Desierto de Takla Makan (China) (NASA Terra-Modis)
:Creative Commons,Some Rights Reserved,Photo by Banco de Imágenes Geológicas

11月5日、中国で「海水西調」計画についての研究会が開催されました。「海水西調」計画とは、中国東部に位置する渤海の海水を、内モンゴル自治区を経由し新疆ウイグル自治区まで引きいれ、西部の水不足を解消しようというものです。

タクラマカン砂漠には塩湖やアルカリ湖が点在しています。計画では、渤海湾北西部から海水をくみ上げ、内モンゴル南東部などを経由して、タクラマカン砂漠の塩湖などに導きます。すると途中の運河や塩湖から大量の水が蒸発して降水をもたらし、中国北西部から北部に広がる乾燥地帯を潤すことができると考えられています。

ところが、渤海湾からタクラマカン砂漠までは直線距離でも2600キロあります。あまりに壮大すぎるため、非現実的と考える人も多いですが、「海水西調」計画の提唱者の一人、霍有光・西安交通大学教授は、「新疆は東が高く西が低い地形であるため、自然に流れを作ることができる。水路は中国の8つの砂漠を潤し、1億2000万ヘクタールの農業用地を新たに作ることができる」と説明しています。

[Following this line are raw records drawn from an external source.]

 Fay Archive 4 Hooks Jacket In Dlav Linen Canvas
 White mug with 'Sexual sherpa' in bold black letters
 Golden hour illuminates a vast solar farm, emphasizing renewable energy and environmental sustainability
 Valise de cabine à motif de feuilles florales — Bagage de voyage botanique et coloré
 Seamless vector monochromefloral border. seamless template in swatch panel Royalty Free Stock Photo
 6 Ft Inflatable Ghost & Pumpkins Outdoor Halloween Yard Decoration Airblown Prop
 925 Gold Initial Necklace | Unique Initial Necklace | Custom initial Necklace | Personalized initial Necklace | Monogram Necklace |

しかし、「海水西調」は莫大なエネルギーが必要となるため、持続可能性という点からは疑問が残ります。また、地域の水循環を大きく変え、運河周辺やタクラマカン砂漠の降雨量は増えるかもしれませんが、周辺地域の降雨量は減る可能性があります。

「水の争奪」という言葉をよく聞くようになりましたが、水循環を特定地域の都合のいいように変えることが、究極の水の奪取ではないかと考えさせられます。